Gerade bekam ich eine Mail von einer Freundin, die mich auf diesen Hammer-Artikel im Zeit-Magazin hinweist: Ursula März disst Ulla Schmidt, weil sie sich immer so einfallslos anziehe. Jacke und Jackett und Einheitsfrisur. Und nicht nur sie, sondern alle diese Damen , die es in die Machtpositionen geschafft haben. Und dann kommt, er, dieser Spruch, der mir die Haare zu Berge stehen lässt: Sie „macht“ nichts aus sich!

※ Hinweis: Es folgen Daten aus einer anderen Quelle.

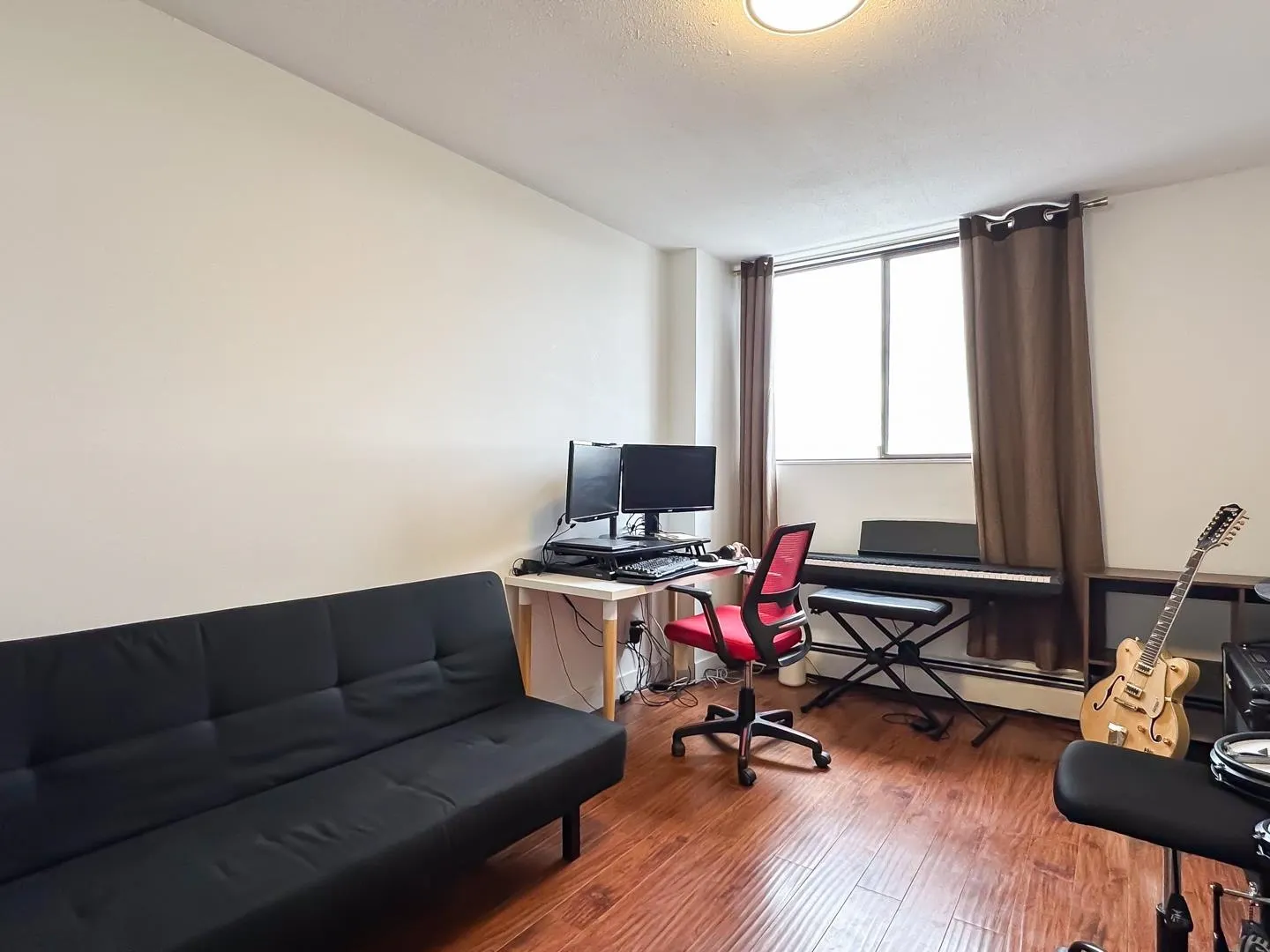 502 320 Royal Avenue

Wie oft habe ich das als junges Mädchen zu hören gekriegt. Und ich gebe es zu: Auch ich „mache nichts aus mir“ – jedenfalls meistens, denn es ist praktisch. Es war schon immer ein Teil meiner Aufsässigkeit. Es ist übrigens auch eine alte feministische Strategie, schon Victoria Woodhull, die erste amerikanische Präsidentschaftskandidatin, hat sich die Haare kurz geschnitten, weil das den Zeitaufwand für die tägliche Körperpflege enorm reduziert. Und sie war übrigens trotzdem ziemlich beliebt bei Frauen und Männern – in jedweder Hinsicht. – und: So revolutionär und anders-weiblich wie frau es sich nur wünschen kann. Außerdem ist die Schönheits-Verweigerung heute wieder Trend – das neue Missy Magazine hat in seiner aktuellen Ausgabe eine hübsche vorher-nachher-Story unter dem Motto „Hilfe, ich bin zu hübsch“ gebracht. Sehr notwendig angesichts all dieser aufgeputzten Mädels und Modells, von denen man manchmal den Eindruck hat, der Sinn des Lebens liege darin, sich zu „stylen“.

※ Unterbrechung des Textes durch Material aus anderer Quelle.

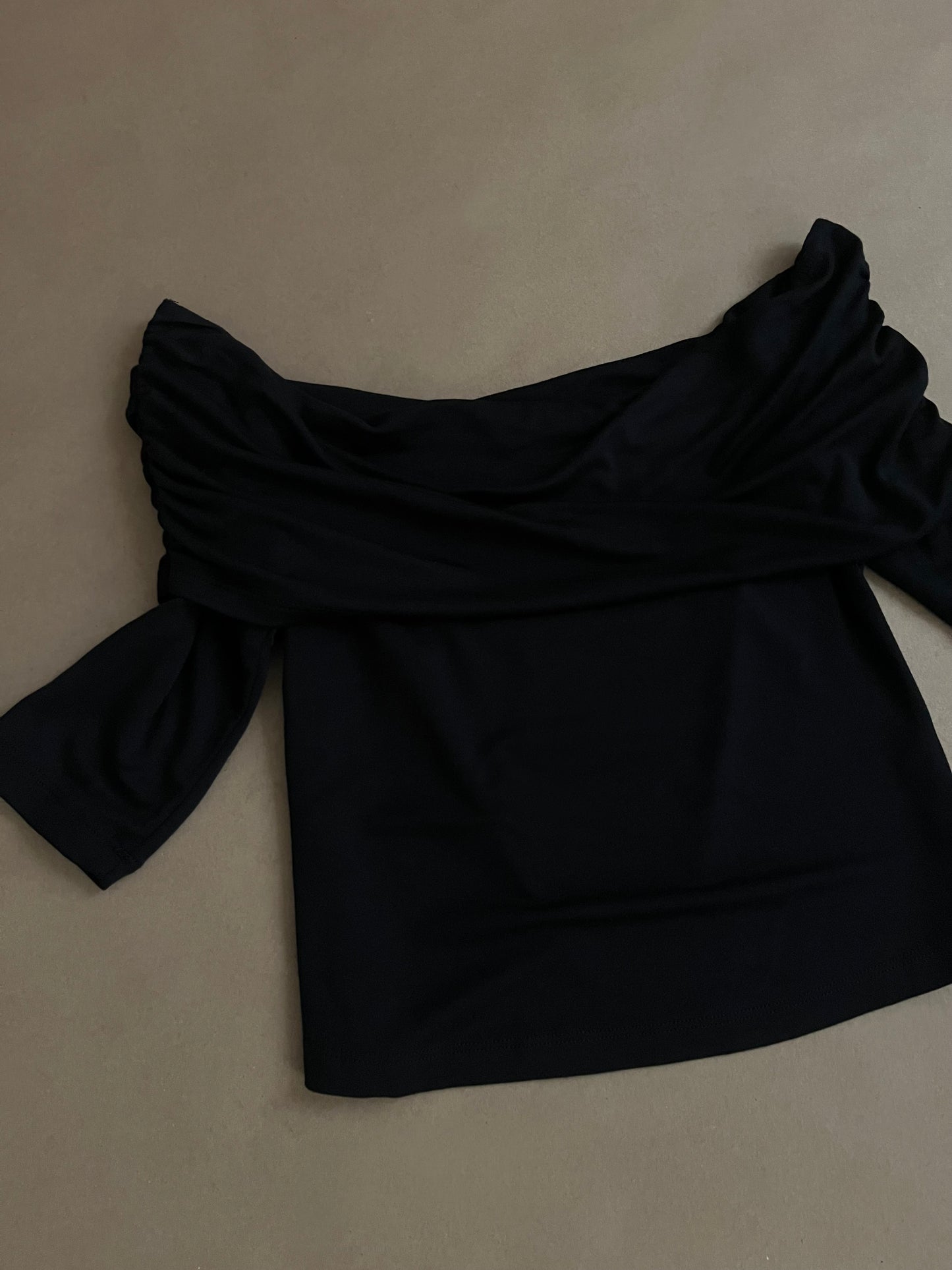 Off shoulder Ruched Top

Klar ist es richtig, dass der Dress-Code der erfolgreichen emanzipierten Frau ein plattes Männer-Imitat ist. Und klar ist es richtig, dass die langweiligen offiziösen-Uniformen der Männer (Anzug und Krawatte) nicht dadurch besser werden, dass Frauen sie jetzt auch übernehmen. Aber das gilt ja generell von allem, was Frauen von Männern einfach übernehmen. Das erfolgreichen Frauen vorzuwerfen, ist ziemlich bescheuert, denn wären sie nicht so, wären sie nicht dort, wo sie sind. Solche Artikel wie der im Zeit-Magazin untergraben weibliche Autorität und bringen uns ganz sicher nicht näher an jenen schönen Zustand, wo Frauen so bleiben können wie sie sind und trotzdem was zu sagen haben.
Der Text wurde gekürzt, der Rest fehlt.